=== TASK DIRECTIONS ===
The exercise calls for exact output of the lines between the one that contains "Circuit Board Stickers (50 pcs.) image 1" and the end of the data, with both ends kept and pictures left out.

Records drawn from a dataset
··········

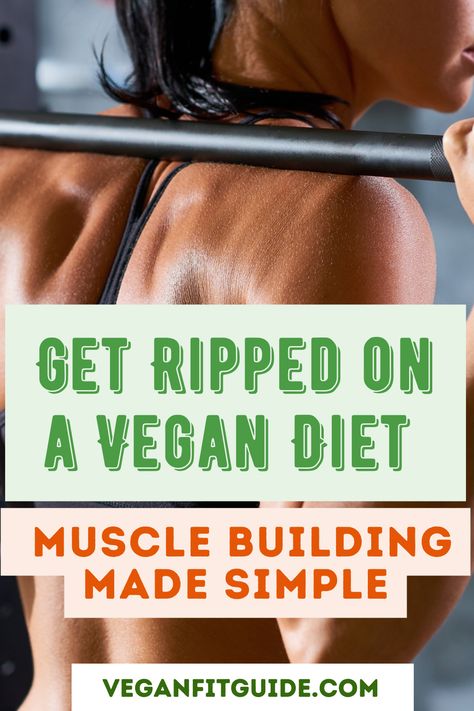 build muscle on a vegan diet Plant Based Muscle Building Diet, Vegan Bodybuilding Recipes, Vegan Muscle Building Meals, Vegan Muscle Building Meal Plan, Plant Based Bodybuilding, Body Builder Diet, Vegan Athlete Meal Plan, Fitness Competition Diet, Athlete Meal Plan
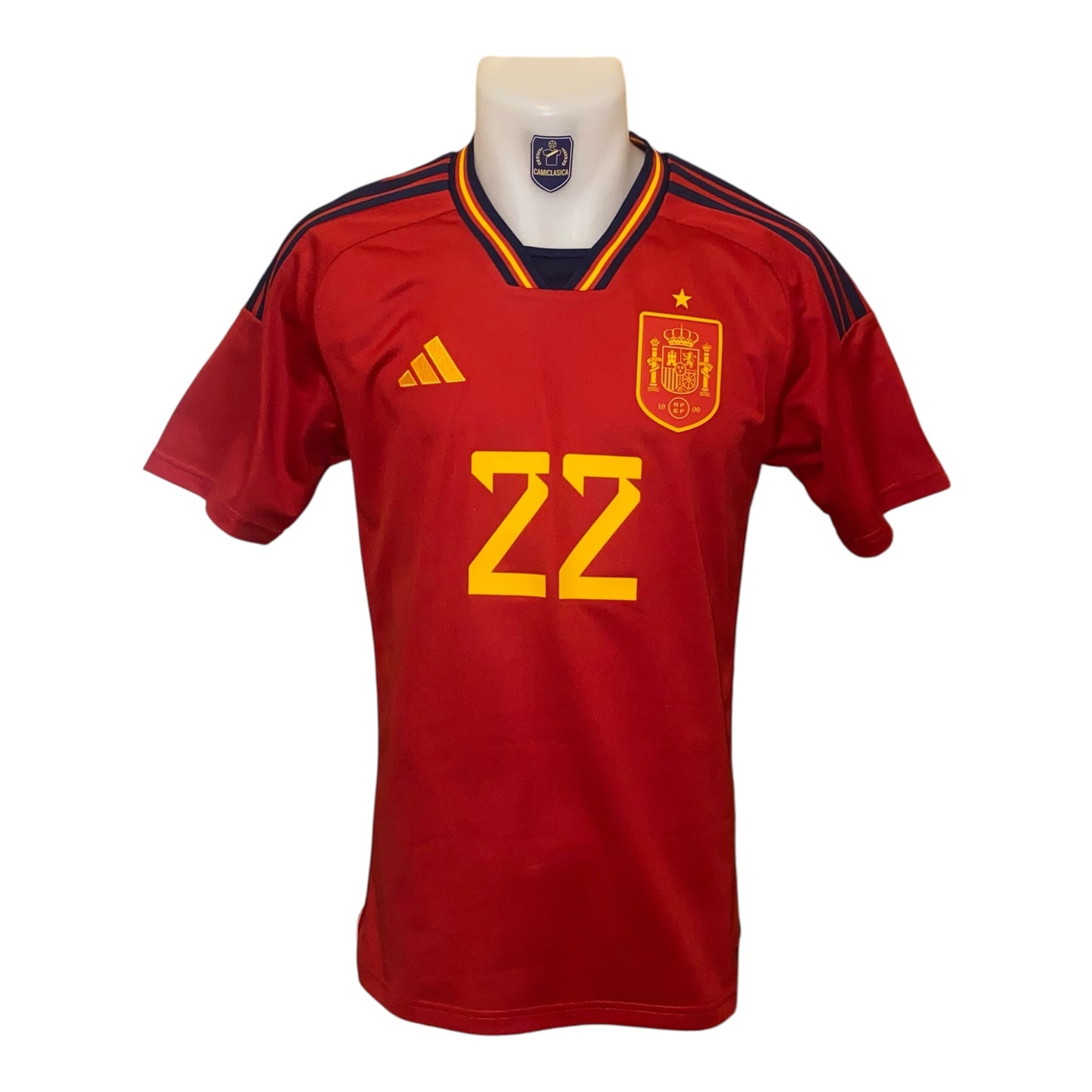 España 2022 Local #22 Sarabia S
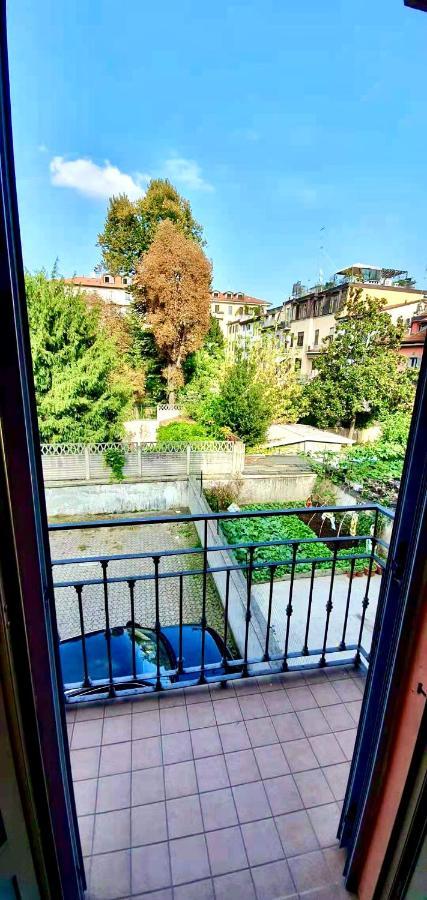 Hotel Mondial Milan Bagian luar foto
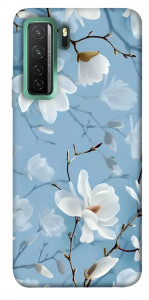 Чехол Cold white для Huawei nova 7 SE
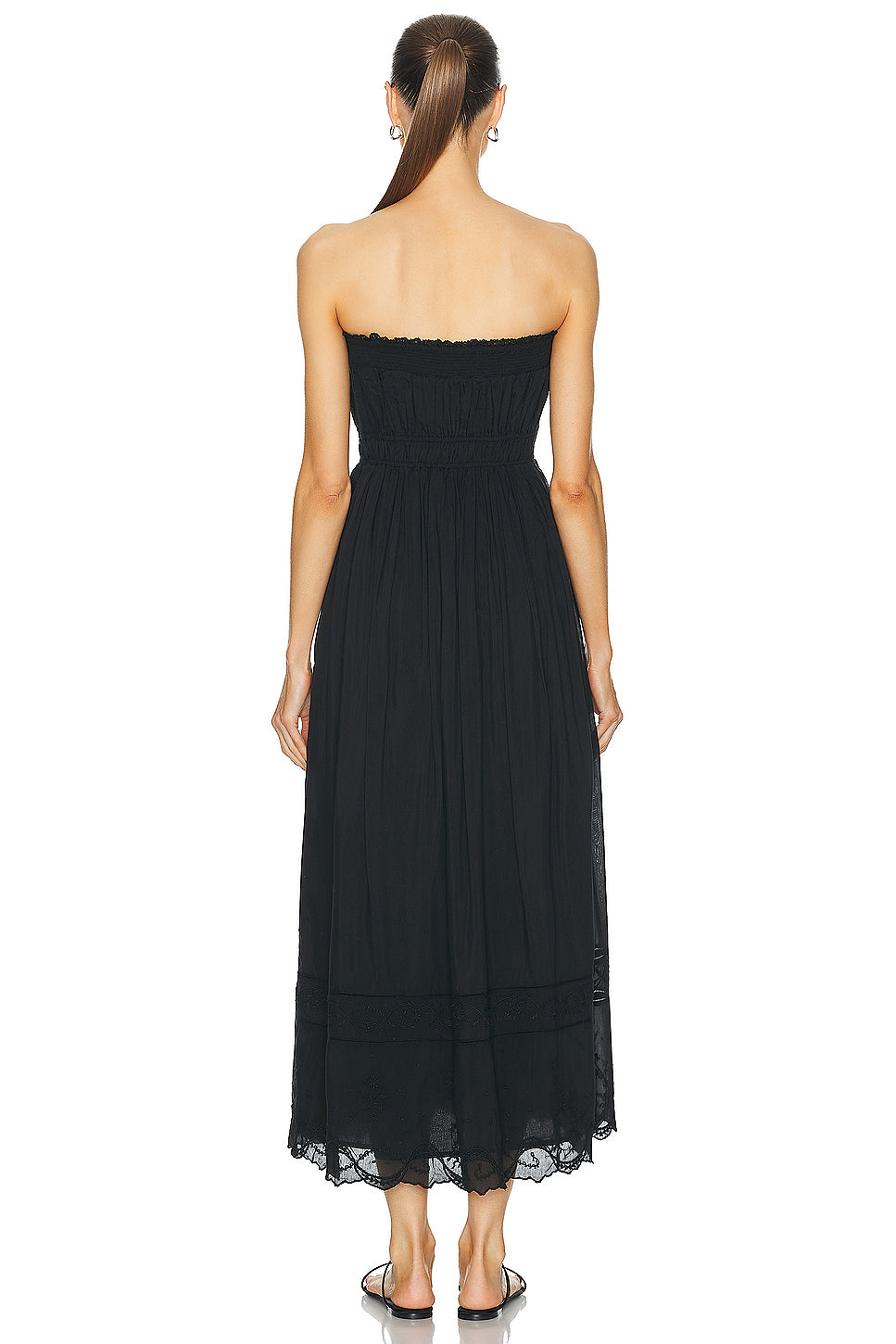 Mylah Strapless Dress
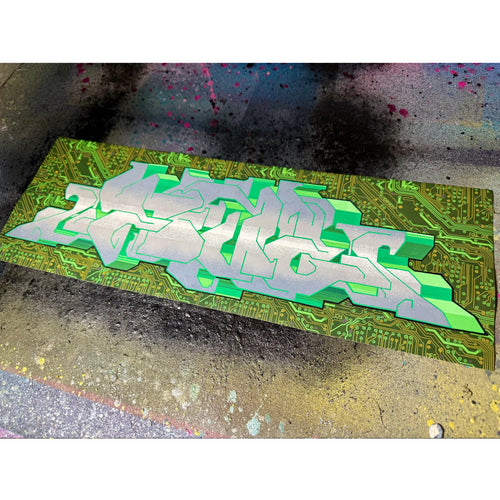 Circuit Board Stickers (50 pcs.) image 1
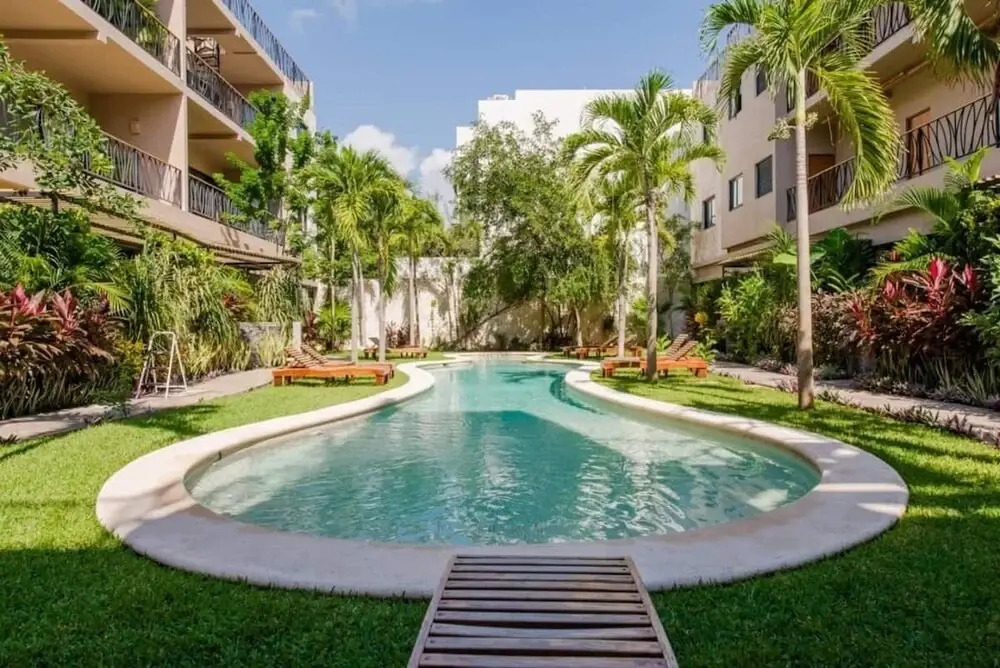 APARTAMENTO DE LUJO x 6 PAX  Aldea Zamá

··········

=== YOUR SOLUTION ===
 Circuit Board Stickers (50 pcs.) image 1
 APARTAMENTO DE LUJO x 6 PAX  Aldea Zamá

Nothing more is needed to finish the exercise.